Expiring PPAs: The company is not a regulated retail utility, earning a predictable margin. Instead, it has PPAs on most, but not all projects. Non-covered assets, and expiring PPAs, some with terms above current market, are a source of uncertainty. Conversely, new or extended PPAs would be positive catalysts.
Lawsuits: Following the surprise dividend cuts, several class action lawsuits were filed against the company and management. This is at best a distraction for management and shareholders, at worst a significant liability.
Lack of Scale: The company's assets could be managed much more efficiently within a larger company, reducing administrative expenses, cost of capital and raising management quality.

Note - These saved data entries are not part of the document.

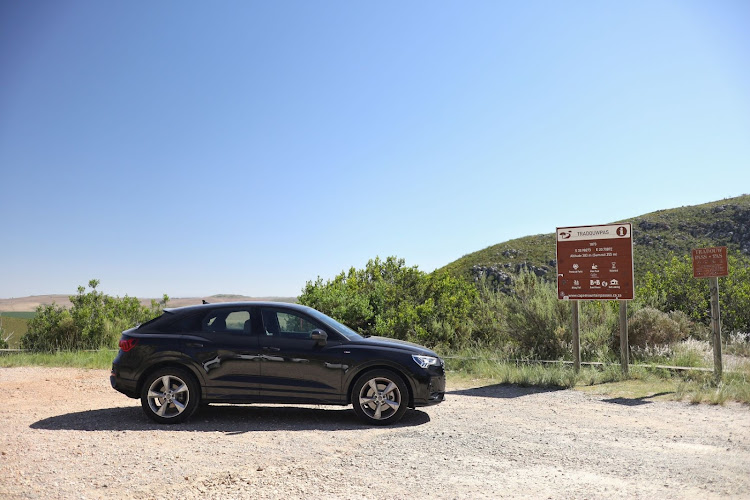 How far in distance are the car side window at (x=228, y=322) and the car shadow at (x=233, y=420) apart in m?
1.20

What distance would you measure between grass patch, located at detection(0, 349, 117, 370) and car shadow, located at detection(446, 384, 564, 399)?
8.58 m

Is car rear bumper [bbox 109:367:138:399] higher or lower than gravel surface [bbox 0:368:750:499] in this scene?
higher

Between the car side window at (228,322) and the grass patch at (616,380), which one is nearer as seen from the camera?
the car side window at (228,322)

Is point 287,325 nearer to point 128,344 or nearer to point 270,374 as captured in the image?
point 270,374

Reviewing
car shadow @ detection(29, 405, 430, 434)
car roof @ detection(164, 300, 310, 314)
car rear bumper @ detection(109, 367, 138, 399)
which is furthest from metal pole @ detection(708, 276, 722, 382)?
car rear bumper @ detection(109, 367, 138, 399)

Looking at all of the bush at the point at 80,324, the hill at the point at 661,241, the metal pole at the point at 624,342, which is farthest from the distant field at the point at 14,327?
the hill at the point at 661,241

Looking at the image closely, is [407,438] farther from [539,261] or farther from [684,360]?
[539,261]

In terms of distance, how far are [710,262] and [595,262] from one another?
6.63ft

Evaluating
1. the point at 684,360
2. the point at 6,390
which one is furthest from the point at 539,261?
the point at 6,390

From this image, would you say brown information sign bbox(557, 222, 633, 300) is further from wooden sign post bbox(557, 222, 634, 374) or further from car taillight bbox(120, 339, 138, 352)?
car taillight bbox(120, 339, 138, 352)

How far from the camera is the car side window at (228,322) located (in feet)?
26.6

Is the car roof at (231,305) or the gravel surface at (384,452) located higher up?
the car roof at (231,305)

Management Quality: Management has shown incompetence in handling the dividend cuts, especially by issuing assurances to the contrary beforehand. Their reluctance in seeking "strategic alternatives" for the company also shows how they resolve significant conflicts of interest with shareholders: in their own favor.
The company is clearly in a crisis situation. We can see six ways of resolving this:
1. Muddle through
Management may succeed in refinancing, renewing PPAs and more or less keeping the status quo, maybe with slow improvements. This would, over time, help both common and preferred.
2. Issue new equity
Dilution for common, better cushion for preferred.
3. Cut dividend
A further cut of the common dividend will likely hurt the common price, while improving the economic situation of the senior preferred.
4. Sell assets
This, in conjunction with deleveraging, will help both common and preferred.
5. Sell company
Properly marketed in a non-distressed market, this will likely be the best outcome for all shareholders. Unfortunately, management's options are mostly under water, they own little equity, and they have shown great motivation in holding onto their jobs by installing a poison pill after shocking shareholders with a dividend cut shortly after giving assurances that they would not do so. The board may decide to do this, maybe forced by activist investors or in conduction with a redesigned incentive structure for management.

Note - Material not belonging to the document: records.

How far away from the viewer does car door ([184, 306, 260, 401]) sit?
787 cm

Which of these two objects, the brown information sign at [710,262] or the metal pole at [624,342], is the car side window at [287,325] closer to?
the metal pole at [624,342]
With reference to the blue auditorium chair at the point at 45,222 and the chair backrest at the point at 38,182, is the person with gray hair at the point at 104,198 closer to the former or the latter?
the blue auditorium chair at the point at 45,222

A forced reorganization will be the worst case scenario. We can see this coming about only if financial markets tighten up significantly making a refinancing impossible.
Preferred Stock Series
There are two series of preferred stock, both issued in C$ by a subsidiary (acquisition) but guaranteed by AT.
Series 1 (Symbol: AZP.PRA.CA): 2007, 5m shares, 4.85% cumulative redeemable pref, C$25 nominal, payable quarterly, C$1.2125 annually, currently redeemable at $25.75, declining to $25 by 2016
Series 2 (Symbol: AZP.PRB.CA): 2009, 4m shares, 7% cumulative, rate reset pref, C$ 25 nominal; pays $1.75 annually through 12/31/2014. After that, will reset at 5-year Canadian government bond yield plus 4.18% Holders can convert into Series 3 cumulative floating rate preferred shares at each reset date. Series 3 will pay quarterly floating rate dividends at 90-day Canadian government T-bills plus 4.18%
While the series 2 has a much higher indicated dividend yield, this will go away as it resets at the end of 2014. After that, the dividends should be fairly close to each other, although the series 2 has a built-in interest rate protection.
Both issues are traded in Toronto and, due to the small issue size, are fairly illiquid.
Valuing the preferreds, and AT common is not easy. As fixed-income securities, both Series yield well over 10%, and trade at a 50-60% discount to their nominal value, at which they would be redeemed. And a redemption is likely in several plausible scenarios (company sale, significant deleveraging.) While this is attractive, the main question is how safe are dividend and principal.
To evaluate that, we need to value the common which provides the margin of safety for the preferreds.
A simple asset valuation is difficult, as AT has a large number of heterogeneous assets. These have PPAs on them ranging from zero to 20+ years in duration, and may be on terms that are above or below market. Additionally, the company has investment projects that are not yet generating EBITDA, but will be coming on line shortly.
Referring to a very thoughtful article on AT common by Howard Winston which was a semi- finalist at this summer's Ira Sohn conference (and is available on seekingalpha.com), we can apply a multiple on EBITDA (he chose 9, close to the 10 paid by Warren Buffet's MidAmerican Energy for NV Energy this year). Project EBITDA will be around $270m for 2013. With a 9x, this leads to an EV of $2.43 billion. Subtracting $1.6 billion in net debt and $220 million in preferred equity leaves $610 million for the common, or about $5.08 per share.
A simple book value calculation leads to $7.50 per share. Stripping out all goodwill and intangibles leaves only $1.11 per share. This is certainly a very conservative approach.
On the NYSE, the common has traded in December between $3.08 (all-time low) and $3.70, down from a high of 13 in February.
All in all, it appears that there is a comfortable cushion behind the preferred issues.
Additional disclosure: We are long common and both series of preferred.